Dopo qualche mese è seguito un nuovo ricovero, è arrivata la consueta telefonata asettica, immediatamente successiva al trasferimento, in cui si viene informati che il detenuto è stato ricoverato per un fatto programmato e niente più. Leggo ora nell'articolo citato a monte che i familiari hanno diritto a ricevere informazioni quotidiane sulle condizioni di salute. Davvero esiste una norma che dispone in tal senso? Dopo dieci giorni, l'unica informazione che abbiamo ricevuto è stata grazie a una parente in visita a un suo congiunto, che ci faceva sapere che l'intervento era riuscito e le dimissioni prossime. Punto.

Queste sono le condizioni che si avverano, tra le intercapedini delle norme d'acciaio. Condizioni ulteriormente sconvolte dall'arrivo della pandemia. Ora anche i liberi sono stati privati della loro capacità di programmare, il loro tempo è divenuto una moneta indisponibile, proprio come avviene in carcere in condizioni sociali fisiologiche. Certo chi conosce la reclusione e i gironi più duri non può che sorridere di questo paragone, fatto è che la riduzione della libertà dei "giusti e buoni" si è tradotta inevitabilmente in un aggravamento della reclusione dei prigionieri veri.
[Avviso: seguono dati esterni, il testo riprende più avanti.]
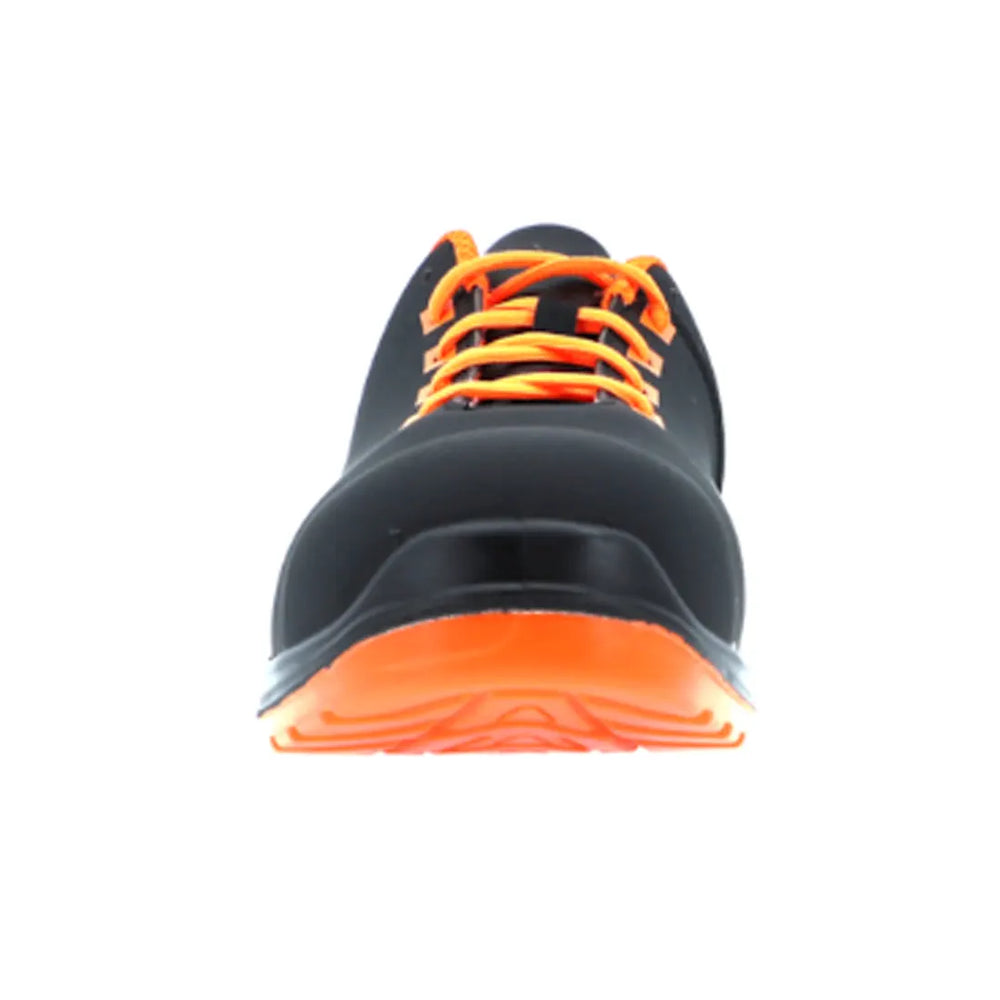 Vaultex UGR S3 Low Ankle Steel Toe Safety Shoes Black & Neon Orange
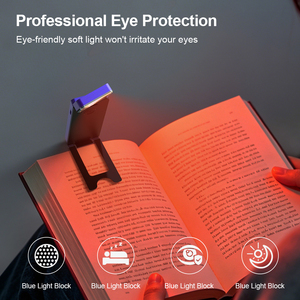 Mini Portable Eye Care 670nm Red Light Book Reading Light Long Lasting Rechargeable Led Mini Reading Clip on Book Light - Product Image 6
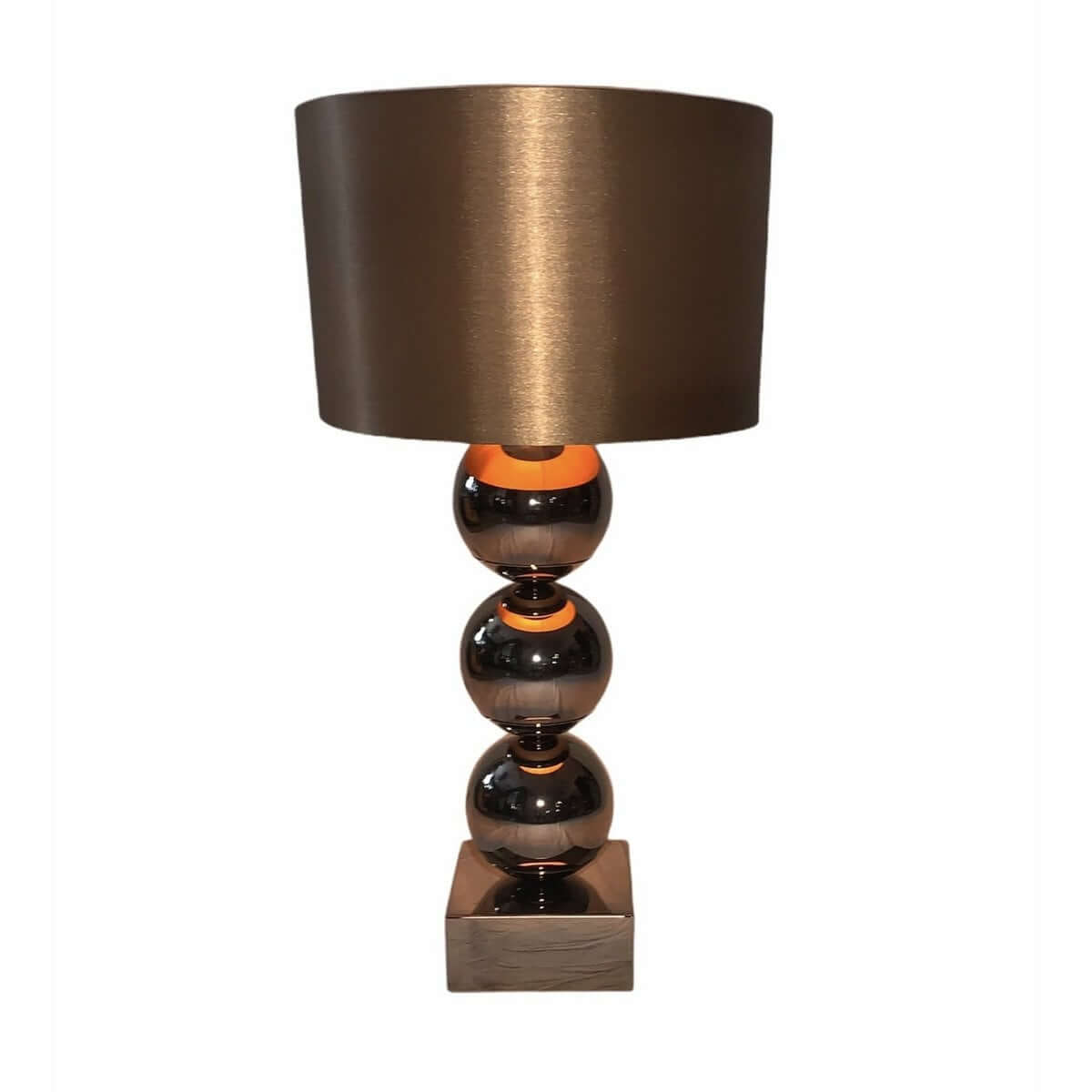 Globe lamp Block base Sepia - Luxury Living B.V.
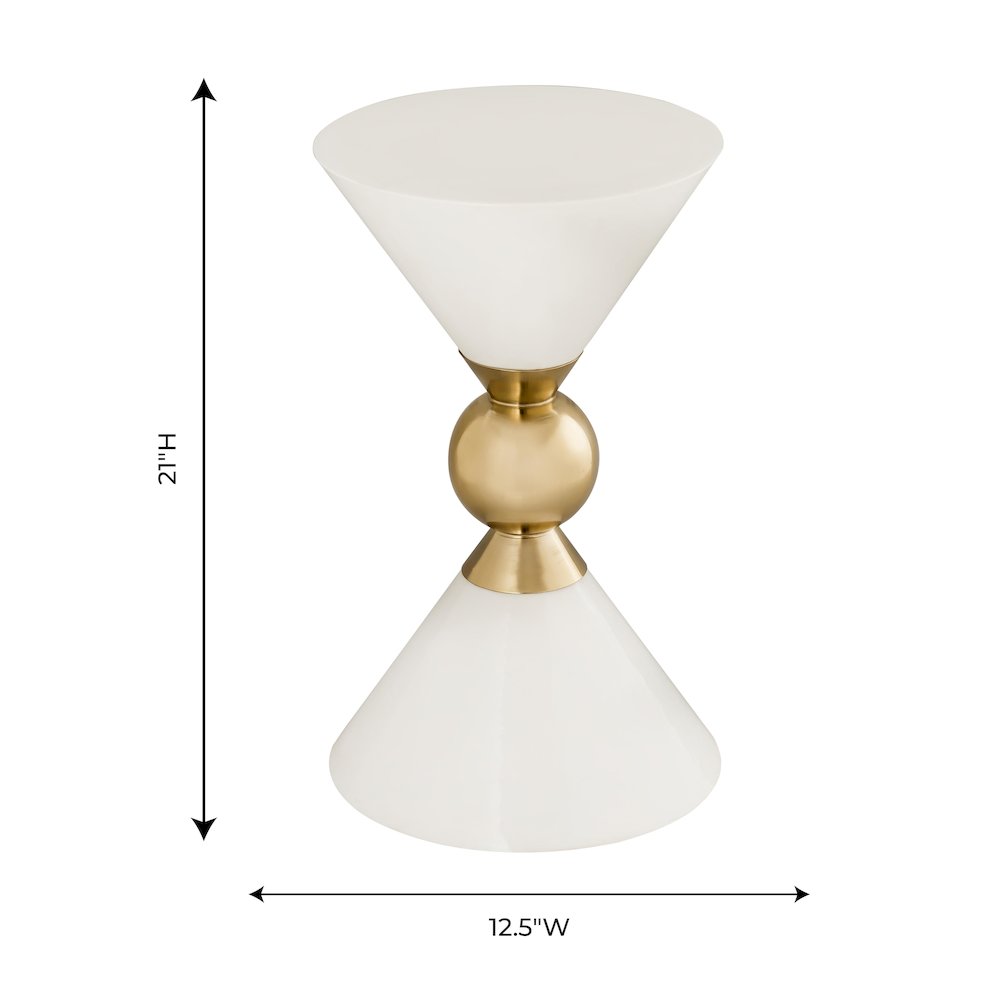 Balhi White Side Table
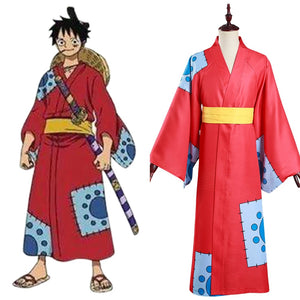 Luffy Wano Arc Cosplay Costume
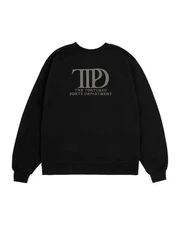 NEW OFFICIAL Taylor Swift-The Tortured Poets Department Black Crewneck-Pick Size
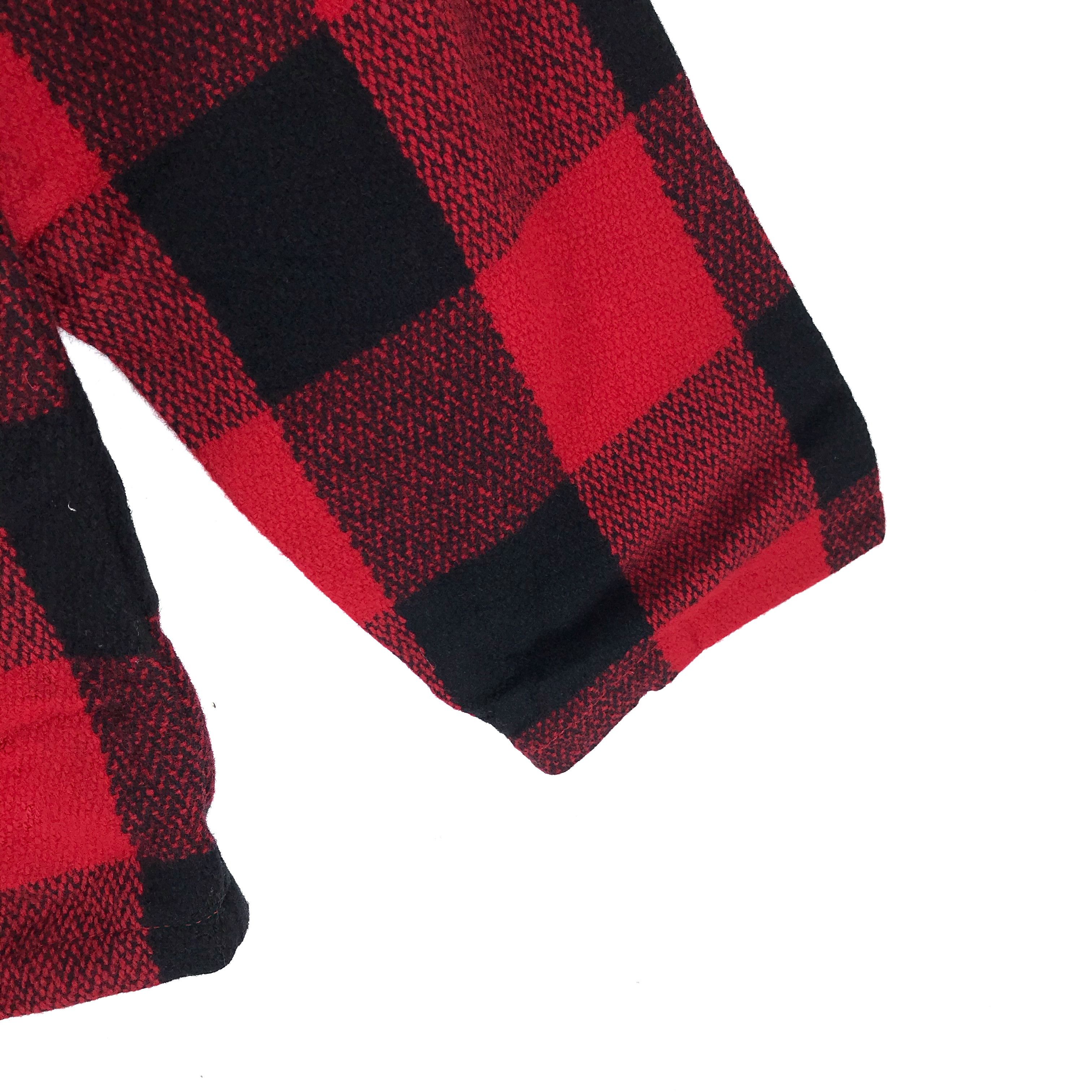 Japanese Brand GOWEST Work Military Tartan Plaid Reversible Jacket #2214-87 Size US S / EU 44-46 / 1 - 7 Thumbnail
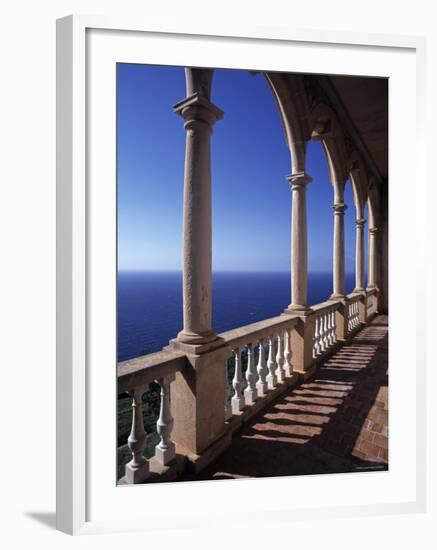 Verandah of Mansion, Son Marroig, Majorca, Spain-Rex Butcher-Framed Photographic Print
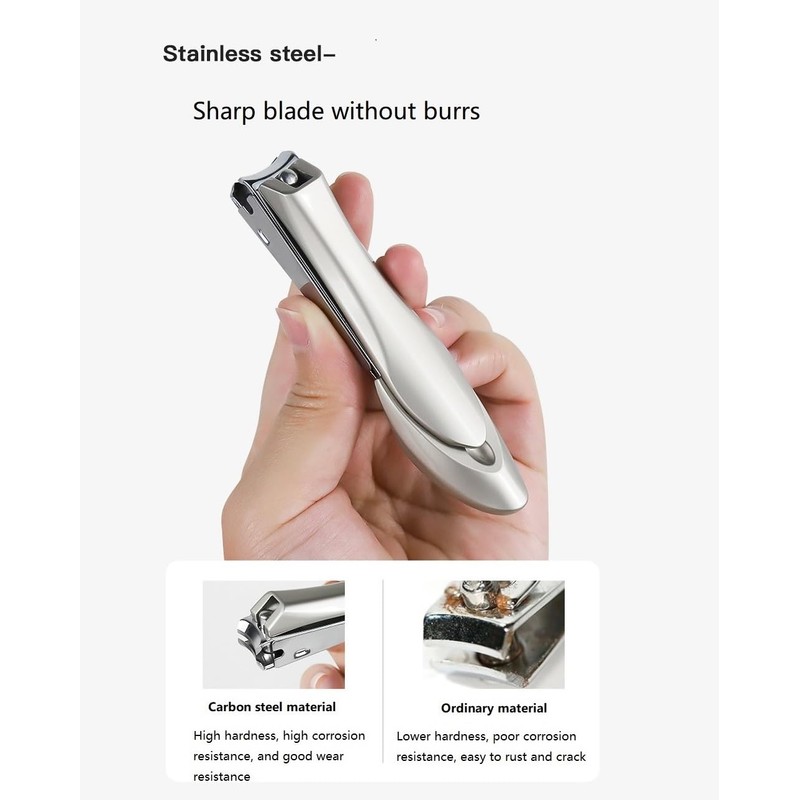 ztpato Anti-Splash Sharp self-Collecting Manicure Tools, Nail Scissors, Nail Clippers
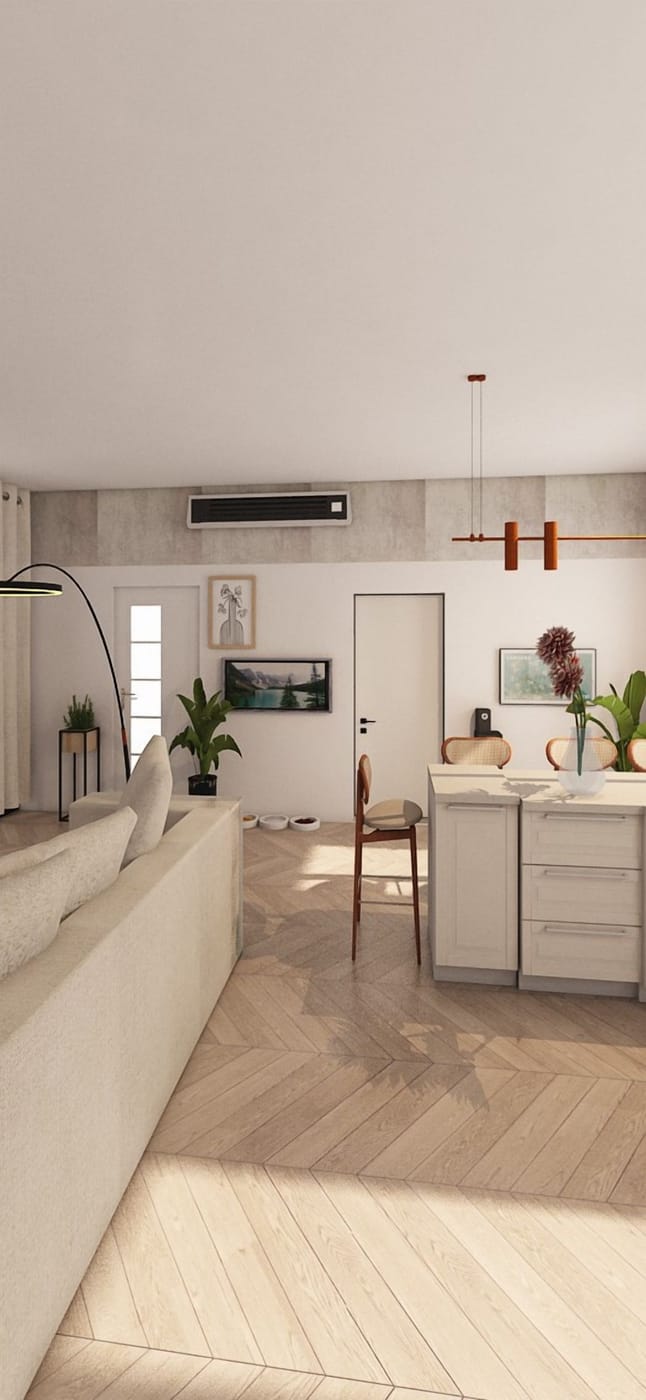 Mid-century living room
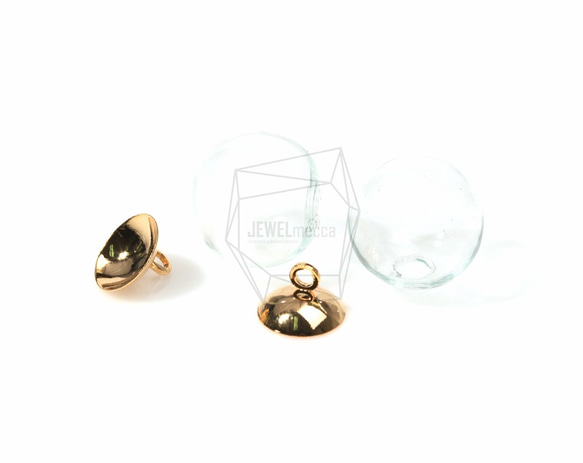 BSC-004-G【6個入り】ガラスドームピアスキット,Clear Glass Globe,Glass Bottle 2枚目の画像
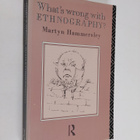 Martyn Hammersley : What's wrong with ethnography? : meth... - pikkukuva 1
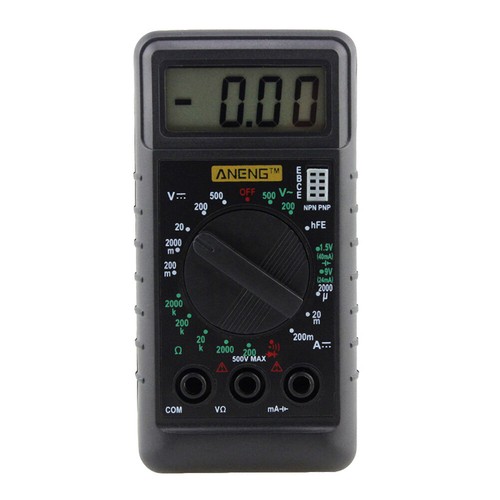 Handheld Minitasche DMM Digital-Multimeter 1999 zählt AC//DC Voltmeter Amper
Ci indigniamo per l'impossibilità di accompagnare i congiunti nel decorso della malattia, ma l'impossibilità per i detenuti c'è sempre stata e ora ne risulta aggravata come si potrà immaginare. Chi volete che abbia tempo di occuparsi di informare e di garantire le comunicazioni minime fra un malato detenuto e i suoi familiari, in un momento in cui il sistema è in corto circuito manifesto per tutti?

Quello che vorrei che venisse fuori da questo breve racconto è far capire che in carcere la burocrazia e i meccanismi automatici spersonalizzati sono mastodontici. Vengono ingigantiti dal legislatore per ragioni di sicurezza e prevenzione, per lasciare il meno possibile alla discrezionalità del singolo e proteggerlo così dai rischi conseguenti a una vera responsabilità decisionale. Eppure è quello stesso personale che si ritrova ingabbiato a un certo punto in regole e divieti che lo costringono ad agire contro buonsenso. Le istituzioni penitenziarie devono curare la malattia sociale, non possono essere un rullo che asfalta l'umanità e schiaccia le persone come il cemento.